The Biggest Mistake in the History of Hollywood

YouTube
@compfu The conclusions are right, but there’s a benefit to choose the 4K streaming tier even when gives almost no extra resolution: 4K usually comes with higher bitrate than the 1080p stream and in some cases, better codec and color deep so in the end you get better overall quality. I still prefer Blu-ray, but it looks a bit better than regular streaming.
@ideimos A better codec would definitely be a benefit. But wouldn't the higher bitrate get eaten up by the 4-times increase in pixel data that needs to be transferred?

@compfu The thing is that 4x resolution doesn’t need 4x bitrate. Example: 40mbps is overkill for 1080p while you“only” need 60mbps to achieve the same perceptual quality on 4K. With the same codec.

But the common thing is to use h264 for 1080p and h265/hevc/av1 for 4K which lessens even more the need of more bitrate.

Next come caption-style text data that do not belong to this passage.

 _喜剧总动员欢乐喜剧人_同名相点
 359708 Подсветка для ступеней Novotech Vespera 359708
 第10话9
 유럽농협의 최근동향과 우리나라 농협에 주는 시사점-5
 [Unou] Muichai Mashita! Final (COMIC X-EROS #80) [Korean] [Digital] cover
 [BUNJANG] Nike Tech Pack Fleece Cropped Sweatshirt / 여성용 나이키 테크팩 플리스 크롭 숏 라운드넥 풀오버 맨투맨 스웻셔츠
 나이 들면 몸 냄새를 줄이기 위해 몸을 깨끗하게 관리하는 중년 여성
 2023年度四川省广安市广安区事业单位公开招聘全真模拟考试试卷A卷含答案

But don’t get me wrong. With all that said, Braking Bad on 1080p Blu-ray still looks way better than Netflix 4K streaming because Netflix is always working with the minimum bitrate possible which is good enough for most of the people.

I made a video about this nerd stuff with comparisons (spanish tho) https://youtu.be/U7DG2I3uVCk?si=SQgNh3_XxS_omcqA

Esto tenéis que saberlo: Amazon Prime Video, tenemos que hablar

YouTube

@ideimos Thanks! It was really cool to see the direct comparison between the different streaming services! Liked your effect at the beginning where you ramped up the compression of your own very well-produced video :-)

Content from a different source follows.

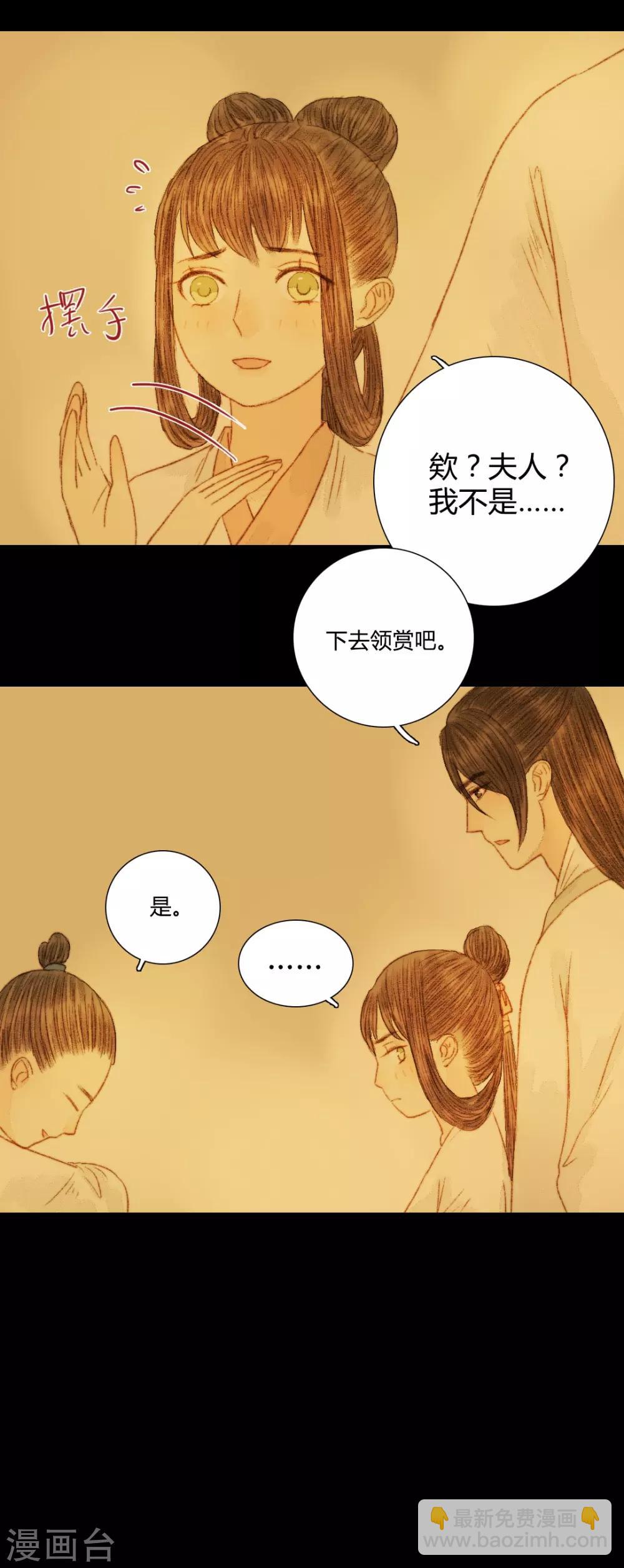 第64话 一言不发就拉走？！-第64话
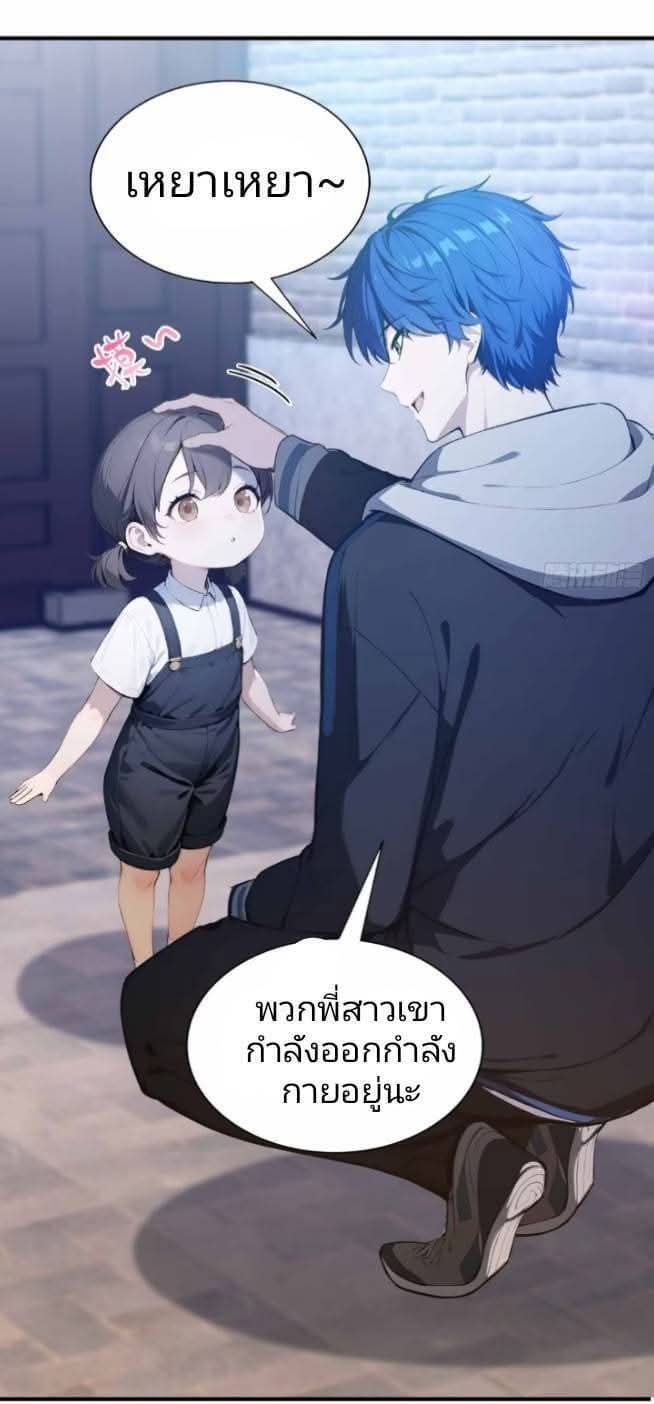 ผมเป็นอาจารย์สอนจักรพรรดินี ตอนที่ 20 หน้า 21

If I may ask, since I don't speak Spanish, what was the thing with Amazon Prime regarding 24fps and 60fps about?

@compfu Thanks! It happens that when Prime puts an ad before the show, and this ad is not at 24p, it plays the show at the Hz of the ad without switching to 24p, resulting in judder. The only fix to this is to manually force 24p on the streaming device (like Apple TV or Nvidia Shield).